Flu seasons usually start in November, with cases peaking from December to March. In some years, the outbreaks are particularly severe, as in the UK in 2018.

Flu responded the same way COVID did to non-pharmaceutical interventions, including lockdown restrictions and mask-wearing. The number of cases in the 2020-21 winter was very low. It came back the following season later in the year, but was still limited.

There is concern that the long period during which our bodies were not exposed to the flu might have created an “immunity gap” making us particularly vulnerable this year.

Australia saw the worst seasonal flu outbreak in five years during its recent winter, coinciding with a large COVID surge. While it’s still early to see what the 2022-23 winter will bring in the northern hemisphere, the current outbreak in England is early and large compared with pre-pandemic years.

3. RSV

RSV is a common winter virus which usually causes mild coughs and colds but occasionally results in serious infections like bronchiolitis and pneumonia, particularly in young children.

A graph showing RSV hospitalisations in England over recent years.
Weekly hospital admissions for RSV in England over recent years, compared with the current season.

In pre-pandemic years it followed a seasonal pattern, with most cases occurring in early winter. After a hiatus in 2020-21, many cases were registered out of season in the summer of 2021. This unusual pattern is again suspected to result from a loss of immunity.

The seasonal pattern seems to be returning, but this autumn has already seen high hospitalisation numbers.

4. Common cold viruses

Common colds are caused by a variety of pathogens, including rhinoviruses, enteroviruses, and other coronaviruses.

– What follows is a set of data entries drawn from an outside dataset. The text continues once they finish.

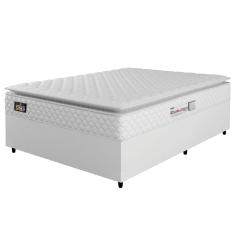Cama Box Casal Colchão Espuma D33 Pillow Top New Millenium 138x188x57cm Branco Hellen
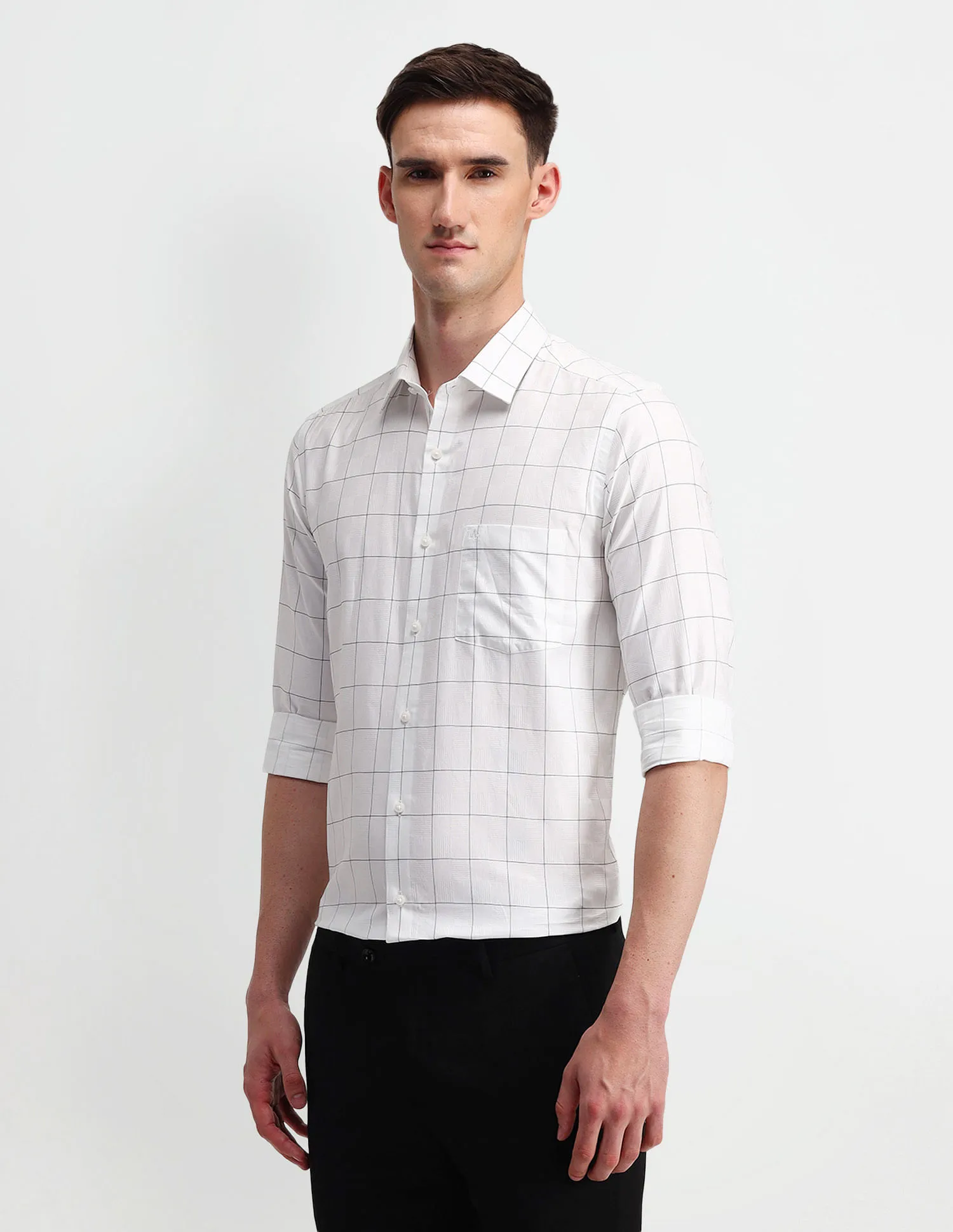 Arrow Slim Fit Shirt: Windowpane Checks Manhattan Style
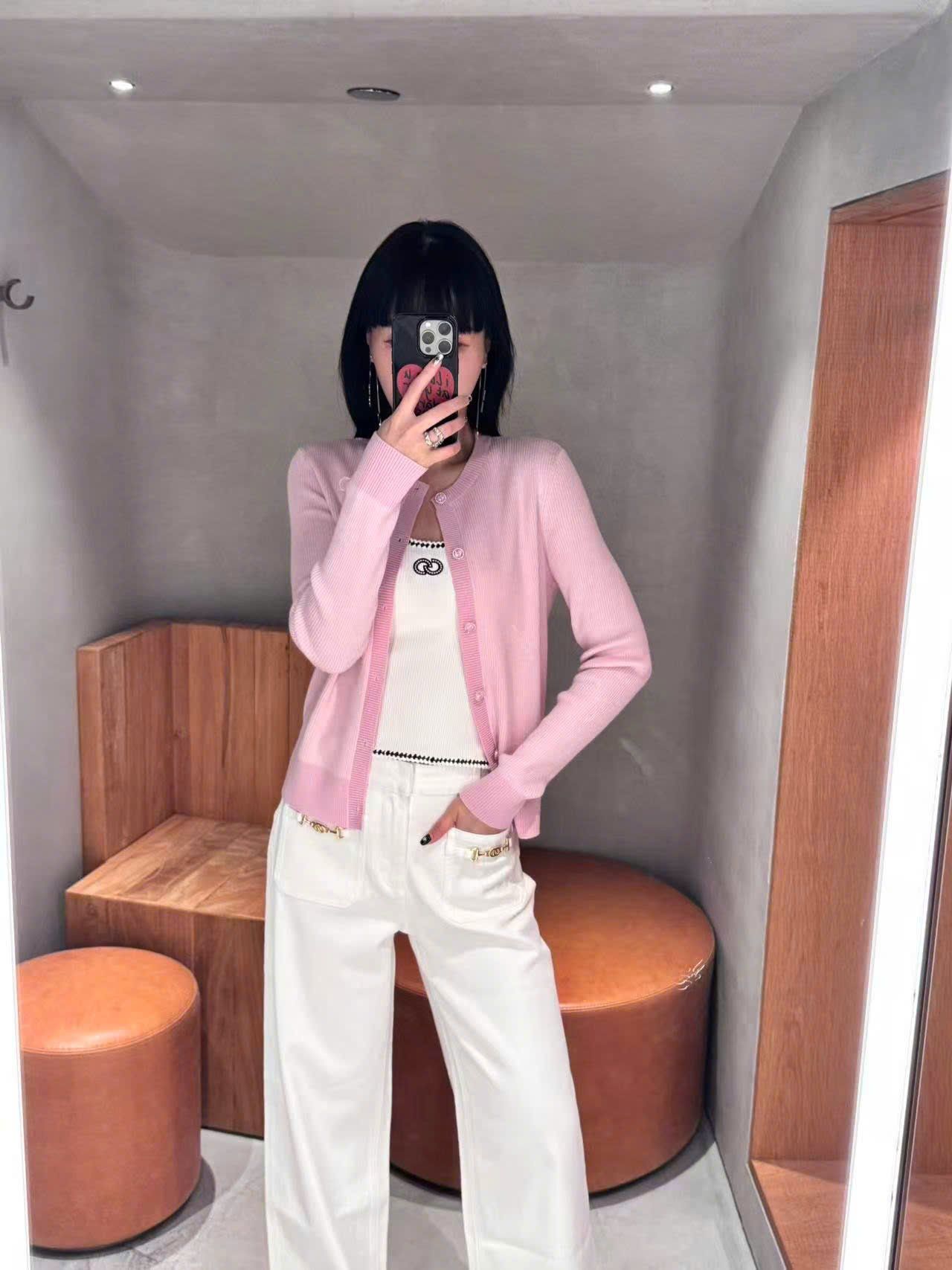  Áo CDG hồng nơ trắng 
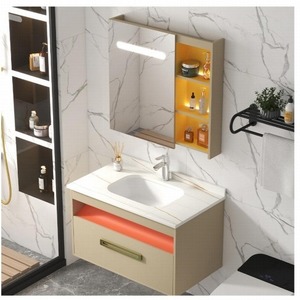 อ่างล้างหน้าติดผนังขนาด 80 ซม. สีนมกาแฟ วัสดุเซรามิกแบบชิ้นเดียว - Product Image 2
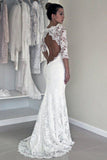 2024 Long Sleeve Lace Open Back Mermaid Long Custom Affordable Wedding SRS10083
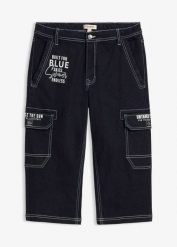 Jeansy 3/4 typu bojówki, z elastycznym pasem, regular fit. Niebieskie jeansy bonprix, m. Za 149.99 zł.
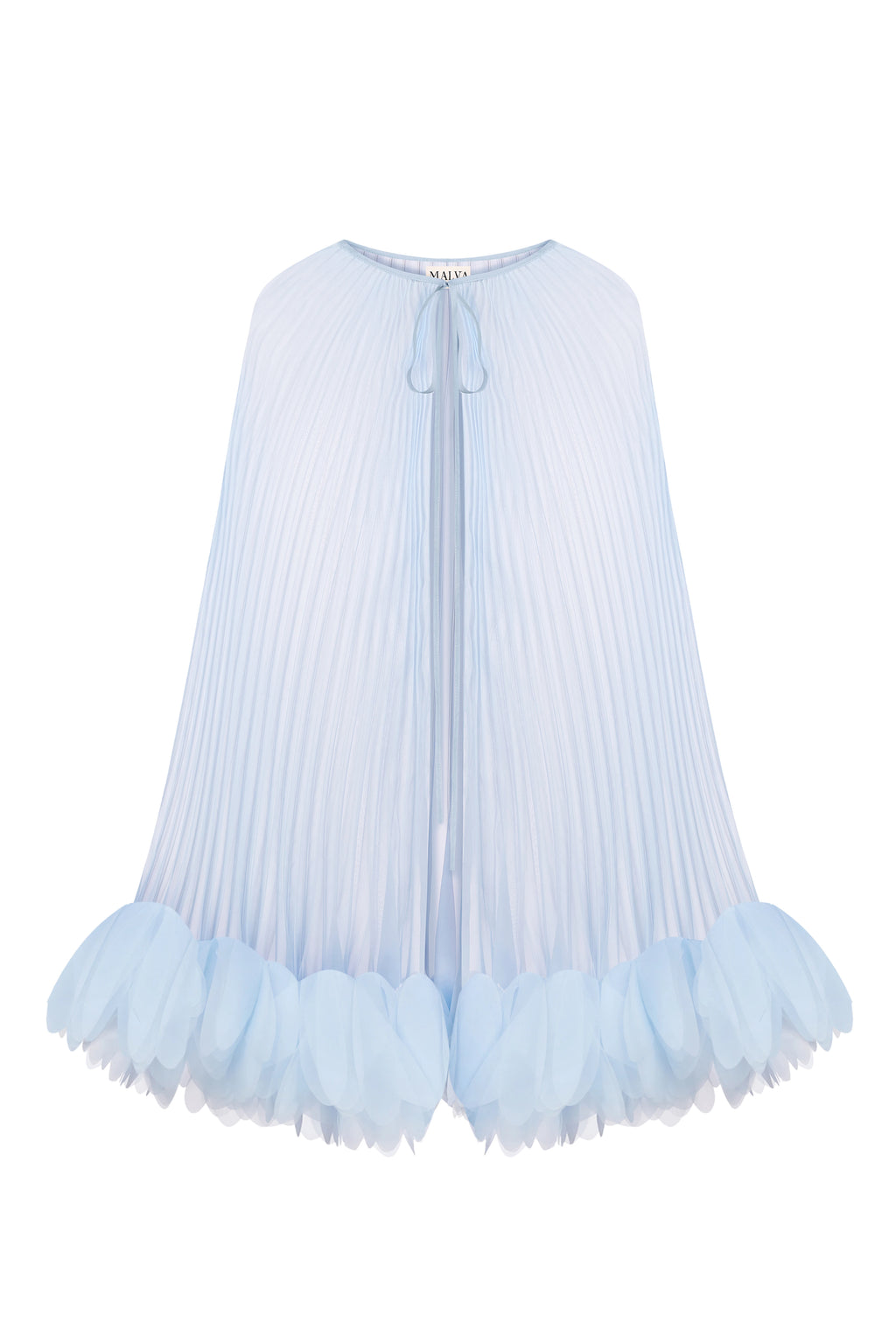 Pleated Petal Cape in Light Blue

Like flu, the onset of the more benign coronaviruses generally occurs in November, with the peak between January and March. Rhinoviruses and enteroviruses tend to peak in autumn rather than in winter.

A graph showing the number of rhinovirus cases and weekly positivity rate in England over recent years.
Rhinovirus infections in England over recent years, compared with the current season.

The 2021-22 rhinovirus season was similar to pre-pandemic trends, but we’re seeing higher numbers so far this year. The infection is usually mild, and most people quickly recover, but severe cases in vulnerable people can add to the pressure on hospitals.


Protecting ourselves

This winter, the UK will probably face high pressure from respiratory viruses. Cases of seasonal diseases are possibly higher due to the lack of exposure during the lockdowns. In addition, some research suggests COVID infections might affect people’s immunity, putting them at higher risk of infection with other viruses.

To reduce the spread of respiratory viruses, we can continue with measures like ventilation, mask-wearing and hand-washing.

We can also strengthen our immune systems, for example with proper nutrition and exercise.

And although we don’t have vaccines available for RSV or common cold viruses, COVID and flu vaccines are an important tool to prevent severe illness this winter.